Pension liberation – how will it affect you?
Pension liberation is long overdue. With the average UK pension valued at 72,134 do people really feel as if they have any control over their retirement or how much they have coming to them? The answer has always been a firm no! People view their pensions as Monopoly money with a complete disconnect between the monetary value of their pension and how much they actually get when they retire.
For example lets take the average pension pot of 72,134. Under the old rules you would have to take out an annuity, which works like a payment plan from the pension provider to the pensioner. This annuity would only provide a monthly income of 240/month which for most doesnt generally allow people to rely on their pension income alone. When the market experiences a significant fall in confidence similar to Oct 2014 whereby people lost up to 10% of their pension value the consequence in real pension terms would have been a loss of 24 per month in annuity income.
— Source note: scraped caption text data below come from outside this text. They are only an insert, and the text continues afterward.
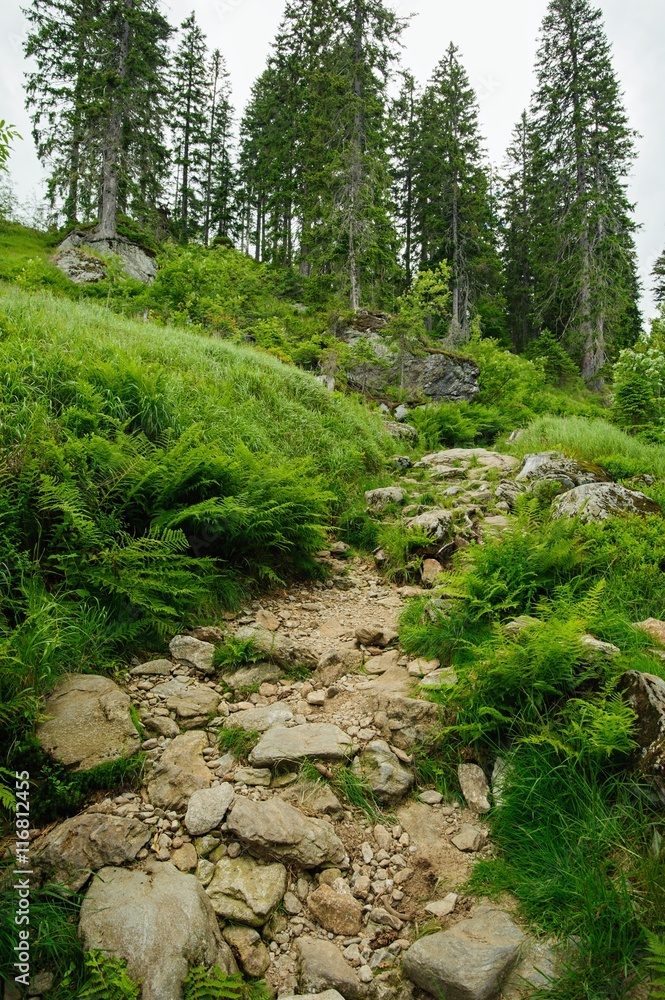 Fototapeta premium Rocky forest road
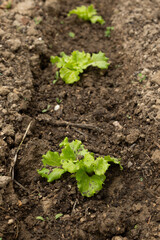 Young lettuce seedlings growing in rich soil, lined up in a garden bed. This image captures the early stages of organic farming, highlighting fresh green leaves and the nurturing process of cultivatin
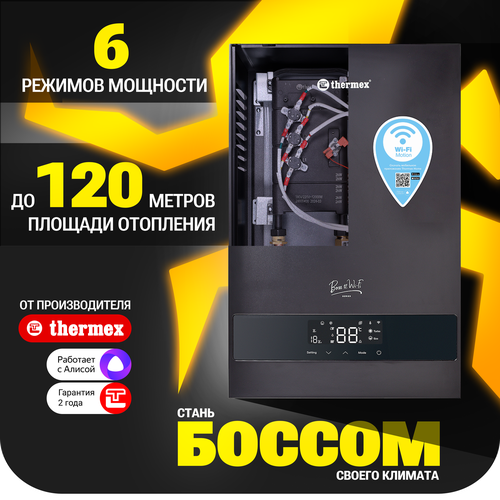 Электрический настенный котел THERMEX Boss 12 Wi-Fi (Black) фото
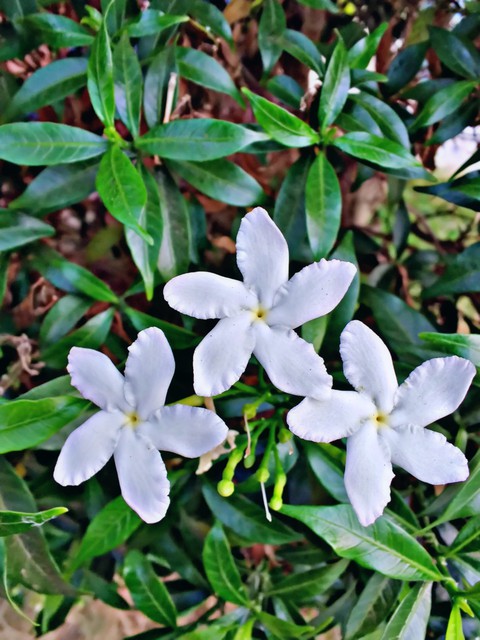 white flowers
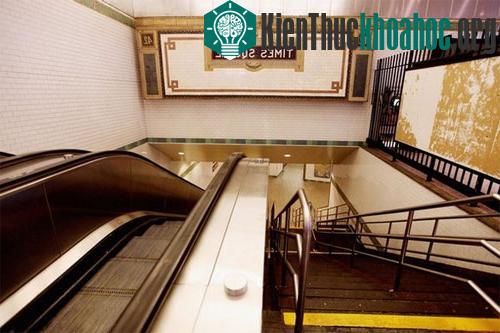 Bão Irene tiếp tục hoành hành nước Mỹ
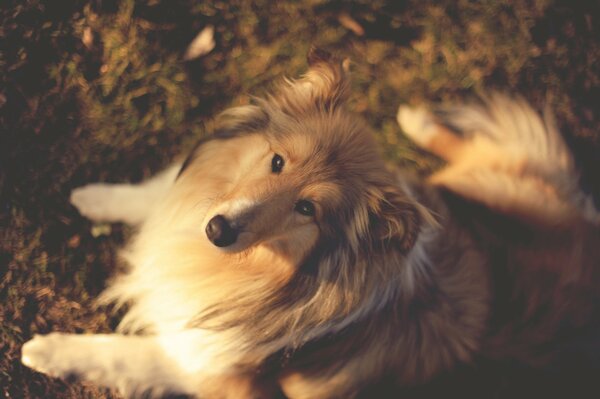 Perro Collie en otoño en la naturaleza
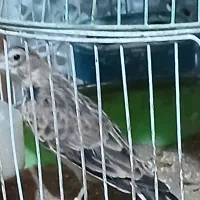 ۲عدد سهره نر|پرنده|بیرجند, |دیوار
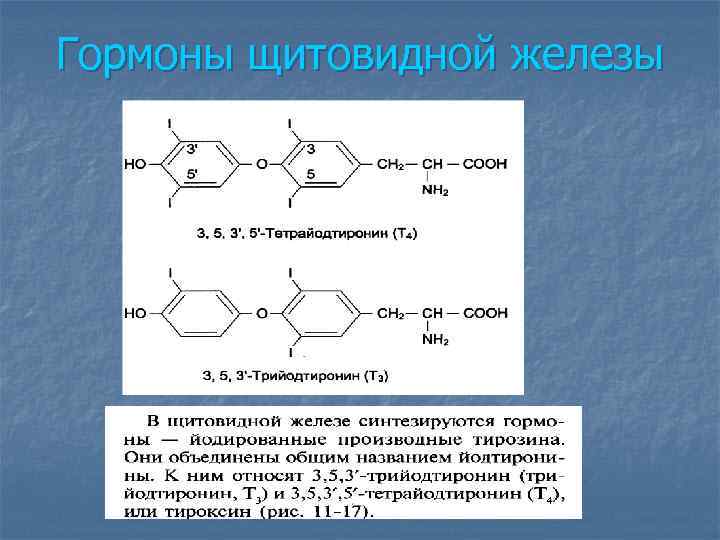 Гормоны щитовидной железы 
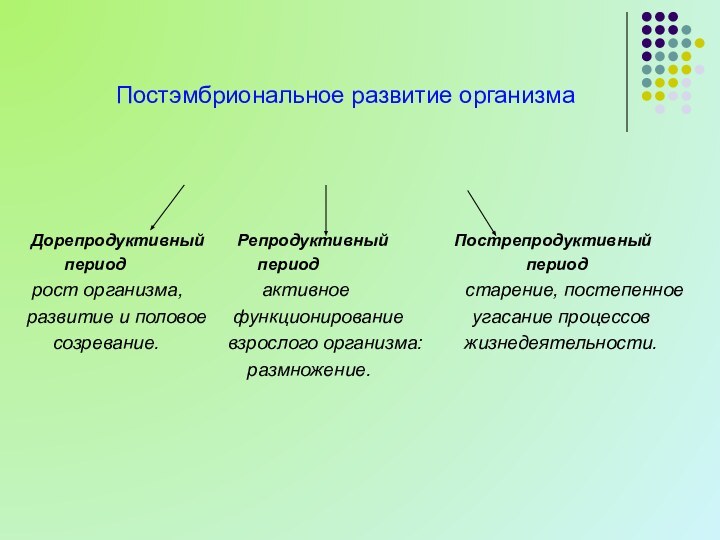 Постэмбриональное развитие организма Дорепродуктивный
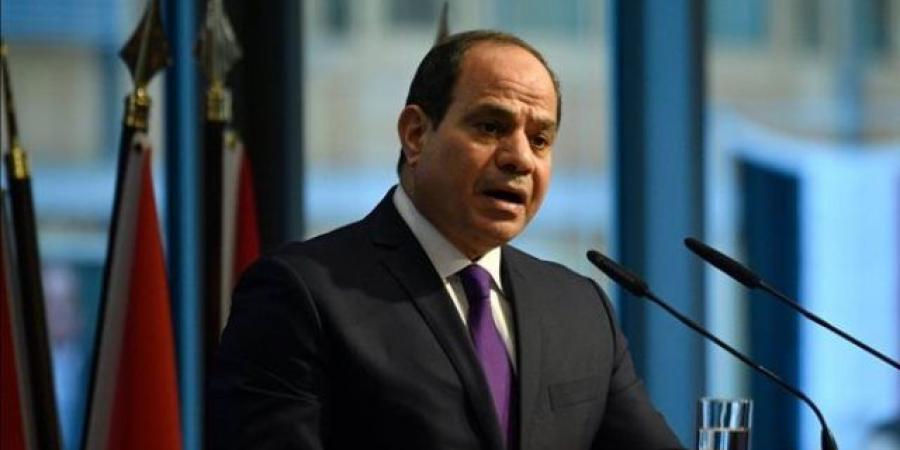 السيسي يستعرض الجهود المصرية المستمرة لوقف إطلاق النار في غزة وإدخال المساعدات الإنسانية
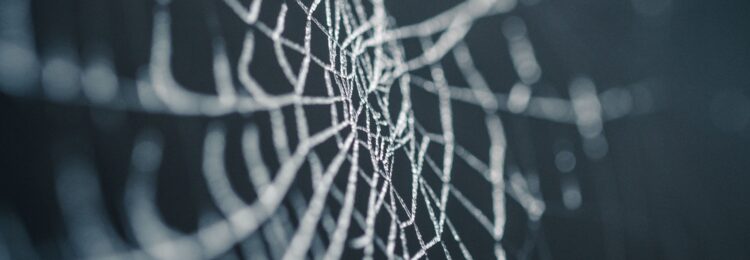 如何優(yōu)化您的抓取預(yù)算？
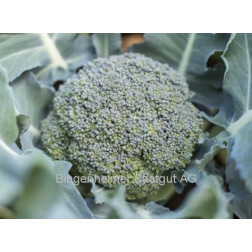 Broccoli - Rasmus - BIO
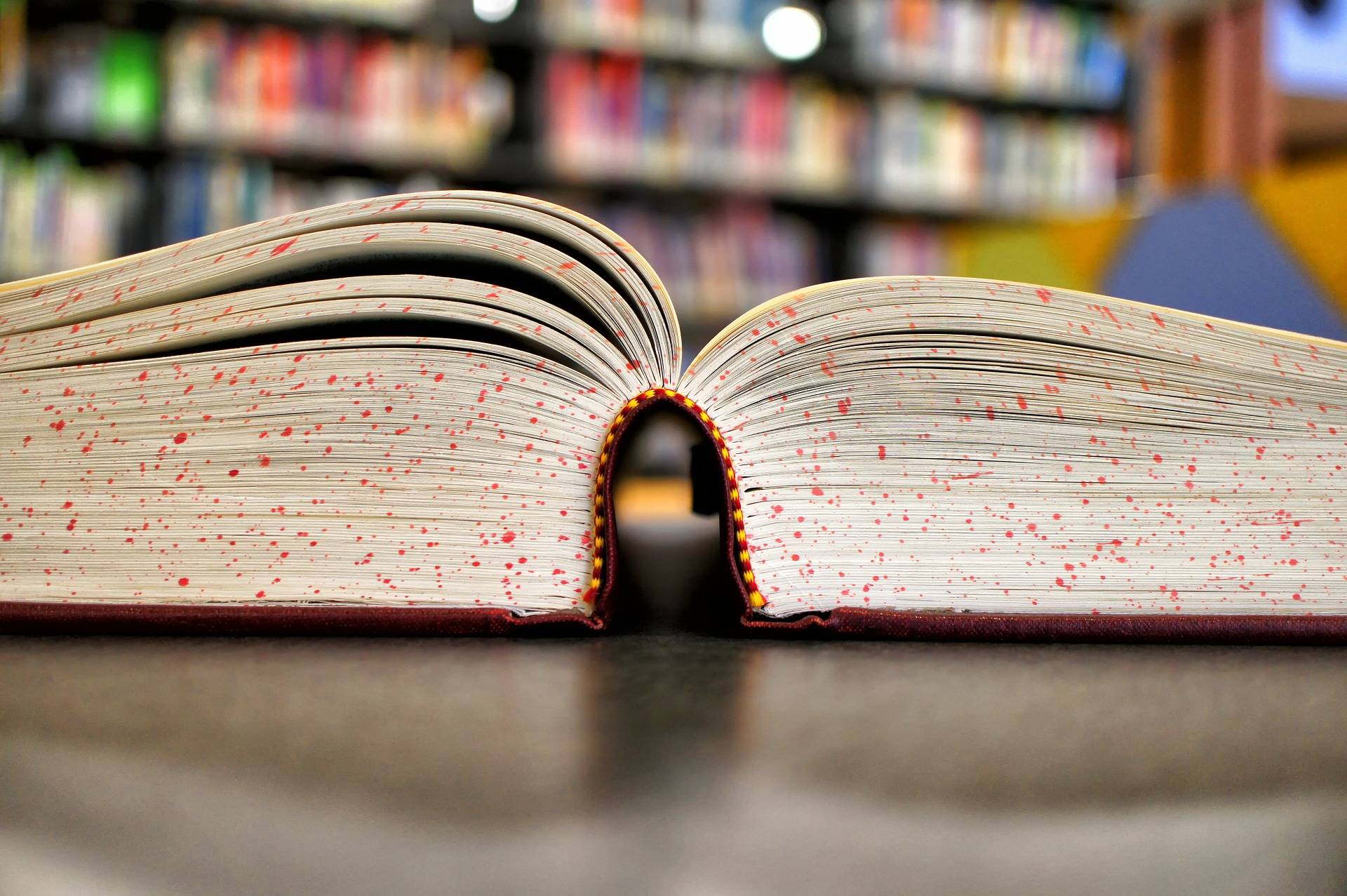 De quoi contourner le difficile barrage de la maison d'édition... (Pixabay/kshelton)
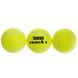 Теннисные мячи упаковка 12шт. TELOON COACH 8010412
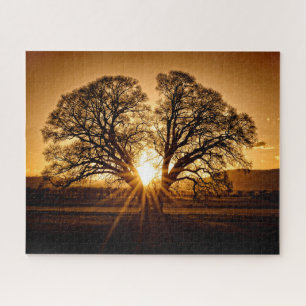 The Burst of Sunset - 16x20 - 520 pcs Jigsaw Puzzle
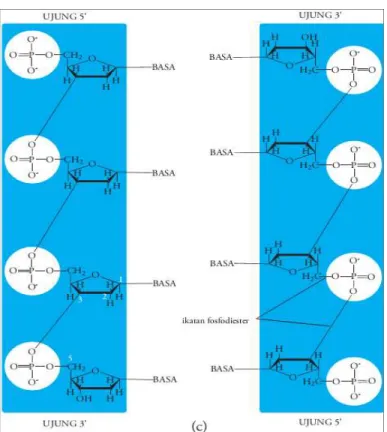 Gambar 13. Polaritas (kutub) di kedua ujung untai polinukleotida yang berlawanan  Sumber: Watson, DNA Rekombinandalam Rochmah Biologi SMA kelas XII BSE  DNA heliks ganda mempunyai polaritas (kutub) di kedua ujung untai polinukleotida yang  berlawanan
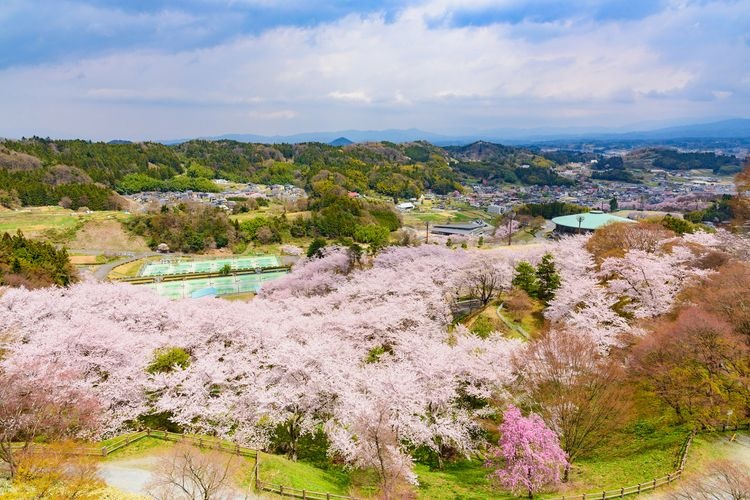 二本松城（霞ヶ城公園）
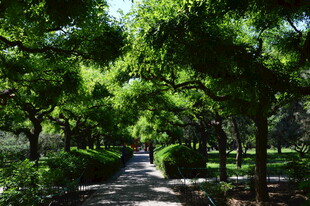 公园风景  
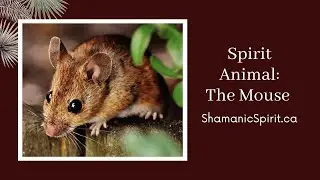 Animal Spirit Guide: The Mouse (Shamanic Power Animal). Mouse Symbolism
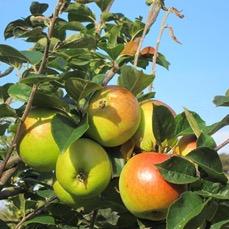 Fruit Farming on Suffolk's Heritage Coast. Fab fruit, scrumptious apple juices, fruity jams, tiny campsite, lovely holiday cottage and views over marsh and sea.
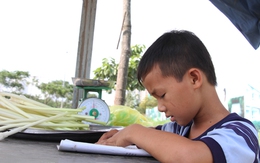 Cậu bé 9 tuổi học bài bên lề đường ở Sài Gòn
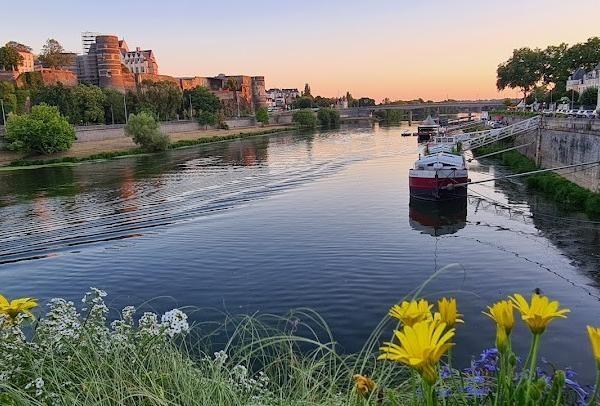 C'est le printemps !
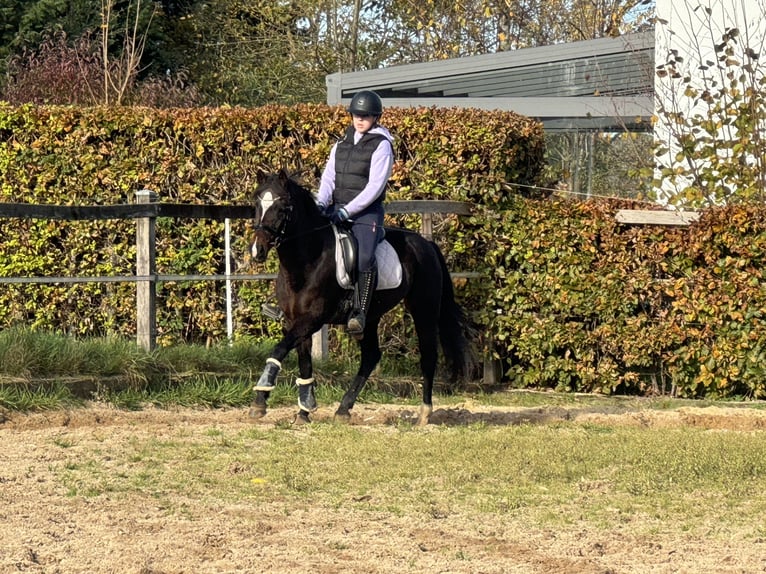 Pony/Pferd zur Verfügung gesucht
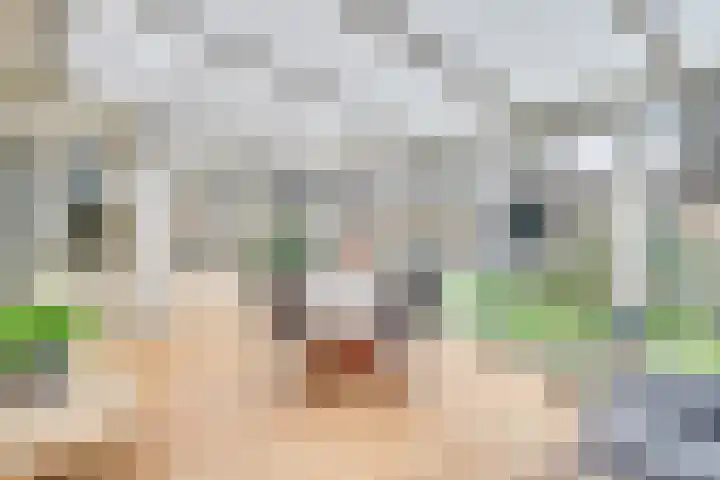 Klemvogel 39 Uden thumbnail 20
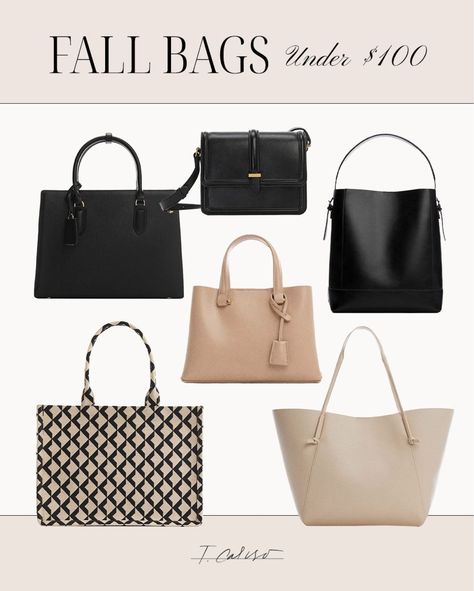 Discover fabulous fall purses under $100 that complete your autumn wardrobe without breaking the bank. Affordable style at its best. Tap to shop these budget-friendly bags! 👜🍂 Fall Purses, Uni Essentials, Teresa Caruso, Uni Bag, Boxy Bags, Purse Essentials, Seasonal Wardrobe, Fall Bags, Everyday Purse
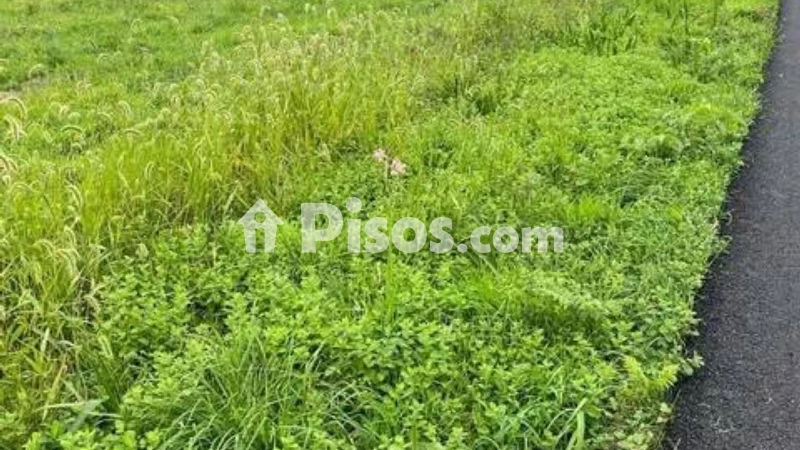 Terreno en venta en Paderne
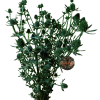 HERIGION Erigeron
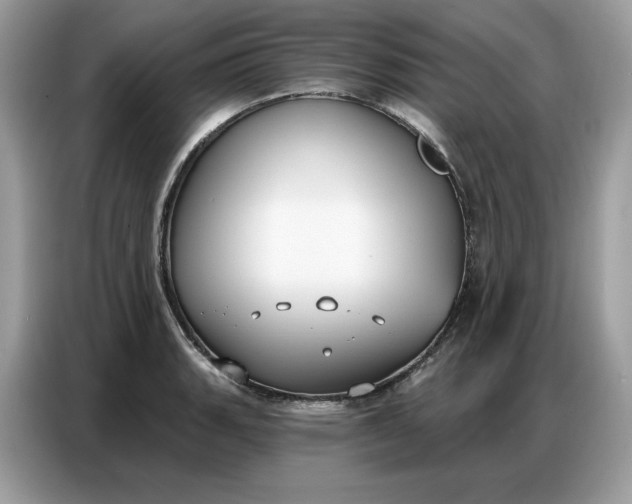 X0000086801135200704271845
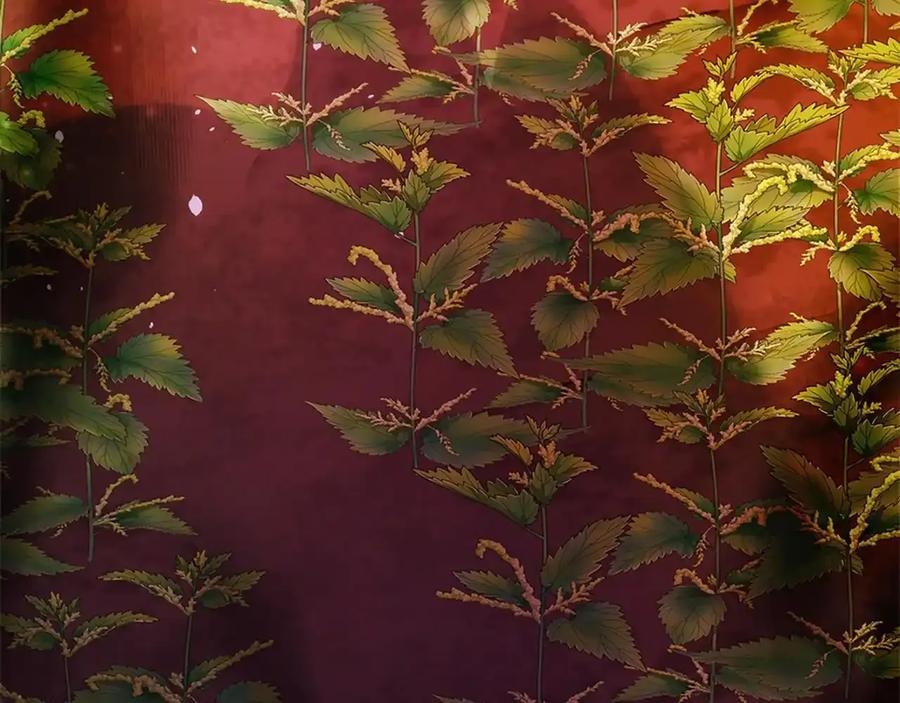 第206页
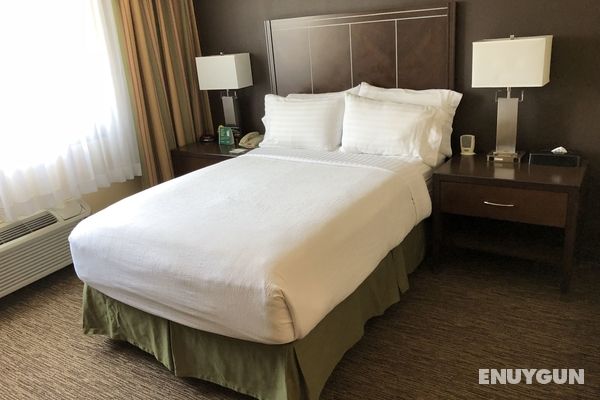 Holiday Inn Hotel & Suites Anaheim Genel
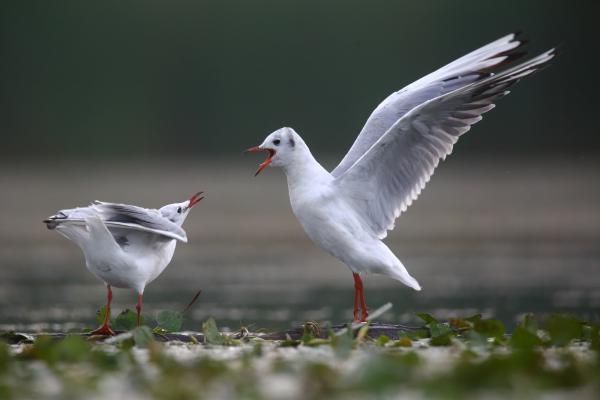 Mikor előző este későn értél haza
Being a UK citizen I think people have been more concerned with the weather!
Given that a large percentage of the UK population lives within pension poverty the government is encouraging people to live off their pension as opposed to taking more money off a government who has the highest levels of debt in the world.
So from April 2015 instead of pensioners receiving an annuity, pension liberation will enable them to take 100% of their pension pot as cash.
This belated pension liberation allows pensioners to take control of their own pension and as such pensioners now serve as custodians of their own wealth as opposed to relying on the nanny state for pocket money. With every story there’s another side and in this case there is a risk that people may abuse these new rules and squander their pension, leaving them reliant on the government to help them subsist. I would argue that these potential blunders shouldn’t take away the right to manage ones own retirement. In any case, as individuals don’t we care more about our own retirement than a partisan government that can only last for 8 years?
These new changes mean that people will have more to gain but also a lot more to lose. People have more to stake with their pension and the implications are that the general public should take far more of an active role in managing their pension.
If we remember under the old rules the 10% drop in equities during October 2014 saw people lose 24 per month. Now under the new pension liberation rules people would have lost 7,213 in a day which serves a much harsher blow. The new rules invoke a bitter sweet effect; on the one hand people are delighted that they can now receive 100% of something they’ve been saving up for. On the other hand the old rules didn’t encourage people to protect or manage their pensions as the implications weren’t severe/motivating enough. This leaves people looking at past performance with regret and future threats to their pension with worry and fear
– Terror threats have negatively influenced the value of pensions by up to 10%
– Greece’s new elected Syriza party potentially results in alleviating its debt responsibilities thereby exposing the UK and the rest of Europe to more unpaid debt and therefore weaker currency
– Greece leaving the Euro as a result of their latest election may encourage other member states to follow suit and thereby leave the Euro with even more debt for even less member states. The risk here is a possible Euro crash which has significant implications for every market in the world
– The falling oil price has dragged down the value of equities significantly. The consequence is political instability in Russia and a crimping of their investment in UK property and corporations
– A general election resulting in a hung parliament could result in a weak coalition government giving business leaders a weak economic appetite
– All of these threats remove confidence from the market which discourages people to invest in paper assets thereby affecting liquidity and values. If several of these threats combine and escalate, it lays a rocky path for investments in 2015.
Its a well-known fact that in times of economic, political or fiscal uncertainty physical gold tends to increase in value. This ongoing trend has witnessed a 20% increase in the gold price over the last 3 months as the markets appetite for portfolio insurance has developed with the growing list of pressures that threaten it.
The relevance of using gold to protect ones portfolio and the impending threat of peoples pensions influences people to invest and thereby protect their pension or self-invested personal pensions (SIPP) with physical gold bars. By owning gold bars within your SIPP you are able to remove exposure from many of the threats and risks that eat away at your pension. With a SIPP one can continue to have exposure to riskier assets whilst hedging themselves with gold.
In order to get the full benefit of the new rules people are now more inclined to take an active role in ensuring that they can get 100% of a well-protected pension as opposed to a 100% of a pension that’s lost 50% of its value.